*Your objective*. Entries below include pictures. Output exactly the lines from the one with "Комплект тениски BONNIE & CLYDE" down to the one with "homeless melbourne flinders st", both ends included, and leave the pictures out.

*Input records*.
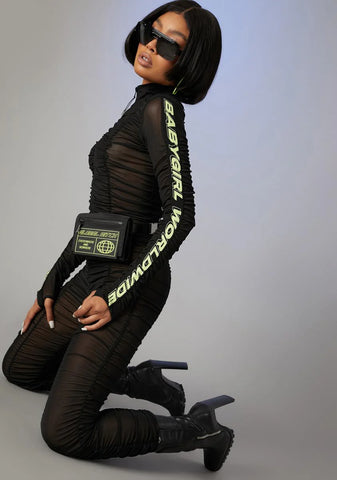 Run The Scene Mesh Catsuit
* * *
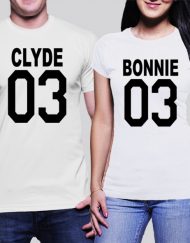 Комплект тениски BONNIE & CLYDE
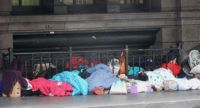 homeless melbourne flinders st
--
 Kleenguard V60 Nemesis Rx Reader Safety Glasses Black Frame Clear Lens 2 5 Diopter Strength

*Response*.
 Комплект тениски BONNIE & CLYDE
 homeless melbourne flinders st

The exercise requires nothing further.